Rates of receptor-dependent and -independent low density lipoprotein uptake in the hamster.

Abstract

By using a constant infusion technique in the hamster, rates of uptake of [14C]sucrose-labeled hamster low density lipoprotein (hamLDL) and methylated hamster LDL (MehamLDL) were directly measured in 15 tissues. From these measurements the magnitude of LDL receptor-dependent and receptor-independent lipoprotein transport was calculated. The whole-animal clearance of hamLDL equaled 547 microliters/hr per 100 g of body weight.
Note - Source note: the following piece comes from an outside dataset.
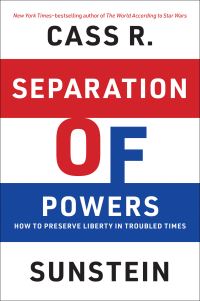 Book Cover for Separation of Powers by Cass R Sunstein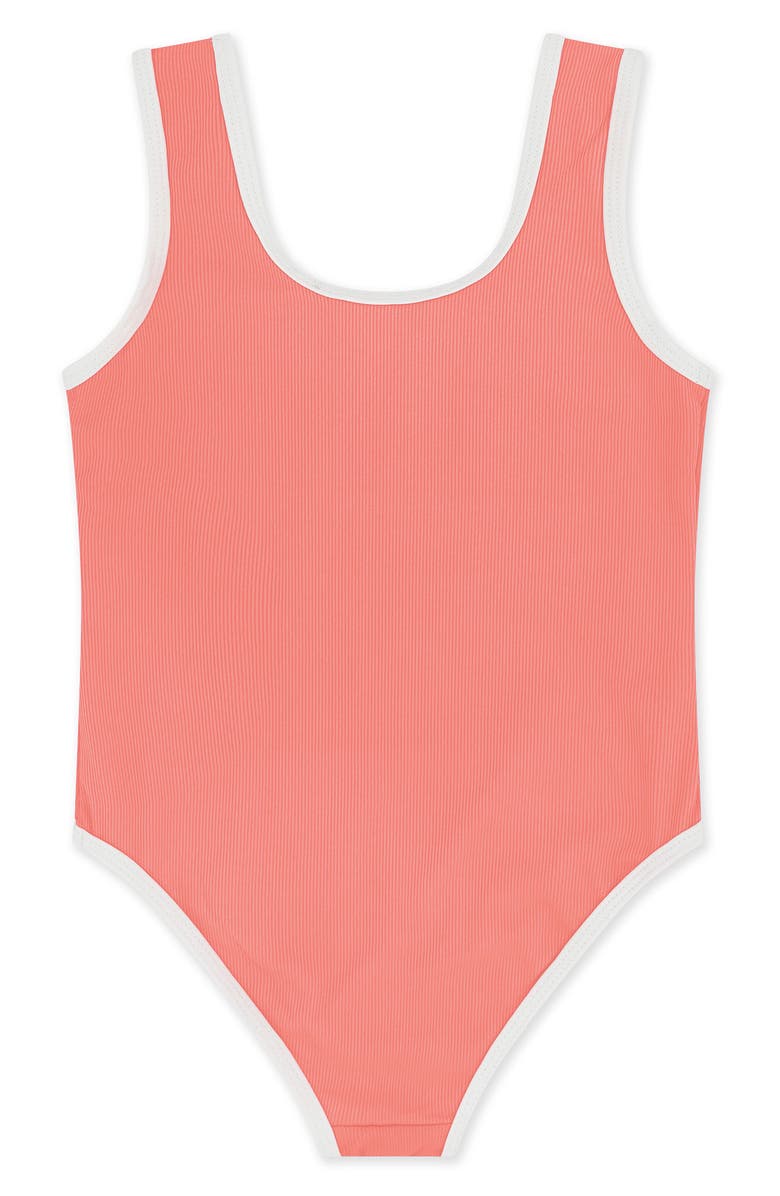Feather 4 Arrow Kids' Wave Break UPF 50+ One-Piece Swimsuit, Alternate, color,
LDL clearance per g of tissue was highest in the liver (114 microliters/hr per g), ovary (43), spleen (36), adrenal gland (29), and intestine (24) and was lowest in fat (0.75), brain (0.35), and muscle (0.26). When adjusted for organ weight, the sum of the absolute clearance rates in all of the tissues examined equaled the rate of whole-animal LDL turnover. Liver accounted for 73%, and the jejunum and ileum combined accounted for 7% of whole-animal clearance. The 12 other tissues each accounted for only a minor portion of LDL clearance. Rates of uptake of Me-hamLDL were much less in many tissues and accounted for only 6-12% of the uptake of LDL in the liver, ovary, adrenal gland, lung, and kidney. However, this receptor-independent uptake was quantitatively more important in the intestine (44%) and spleen (72%) and accounted for essentially all LDL uptake in organs such as muscle, skin, and brain. Thus, in the hamster, most LDL is taken up and degraded by the liver. This uptake process is greater than 90% mediated by the LDL receptor and manifests saturation kinetics. Finally, cholestyramine feeding increases receptor-mediated LDL transport in the liver but in no other tissue studied.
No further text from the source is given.